START RECORDS FOR THE EXERCISE
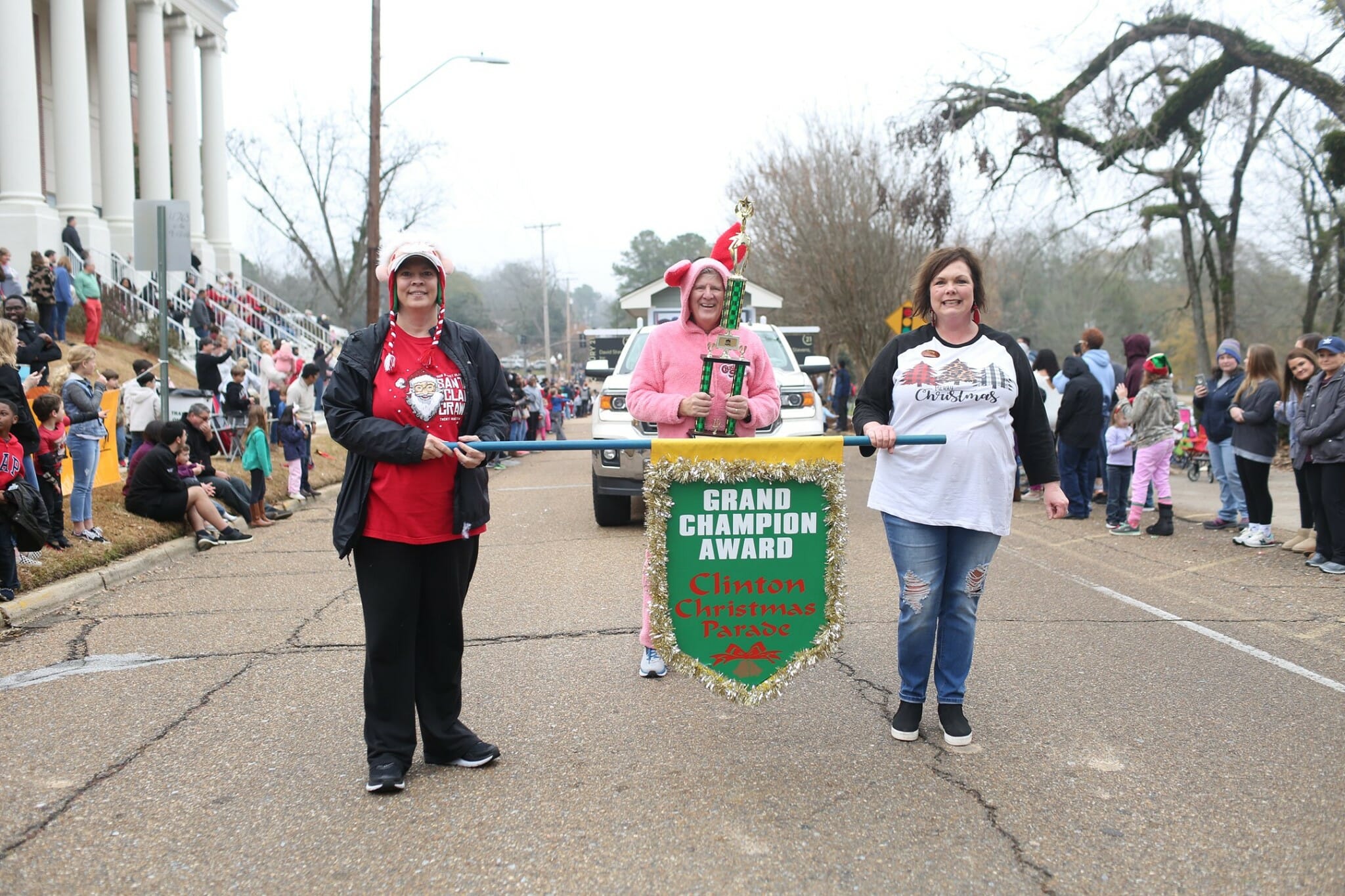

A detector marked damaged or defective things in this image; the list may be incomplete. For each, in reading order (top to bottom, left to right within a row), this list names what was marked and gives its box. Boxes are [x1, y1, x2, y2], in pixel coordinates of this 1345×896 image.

crack in pavement [823, 647, 1054, 891]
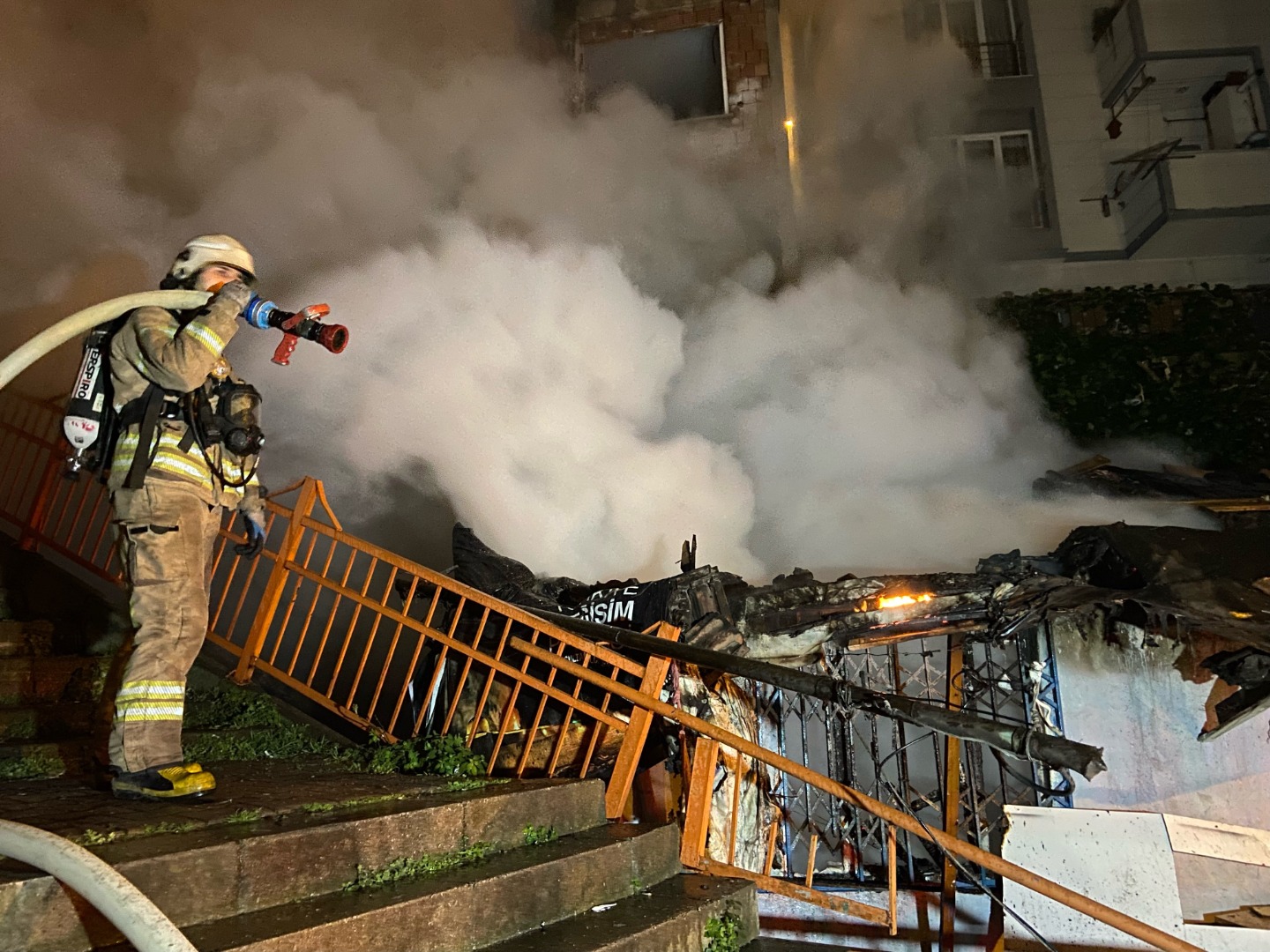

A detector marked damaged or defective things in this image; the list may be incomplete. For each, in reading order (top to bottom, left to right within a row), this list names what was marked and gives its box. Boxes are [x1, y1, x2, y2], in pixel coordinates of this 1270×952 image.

broken window opening [581, 23, 731, 121]
charred wood beam [530, 612, 1107, 782]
END RECORDS FOR THE EXERCISE
THE PROBLEM:
An exact copy of every entry above is required, without the pictures.

TASK SOLUTION:
A detector marked damaged or defective things in this image; the list may be incomplete. For each, in reading order (top to bottom, left to right within a row), this list names what was marked and gives its box. Boxes are [x1, y1, x2, y2], in pixel coordinates of this 1345×896 image.

crack in pavement [823, 647, 1054, 891]

A detector marked damaged or defective things in this image; the list may be incomplete. For each, in reading order (top to bottom, left to right within a row), this list names what was marked and gives its box. Boxes are [x1, y1, x2, y2], in pixel coordinates of this 1270×952 image.

broken window opening [581, 23, 731, 121]
charred wood beam [530, 612, 1107, 782]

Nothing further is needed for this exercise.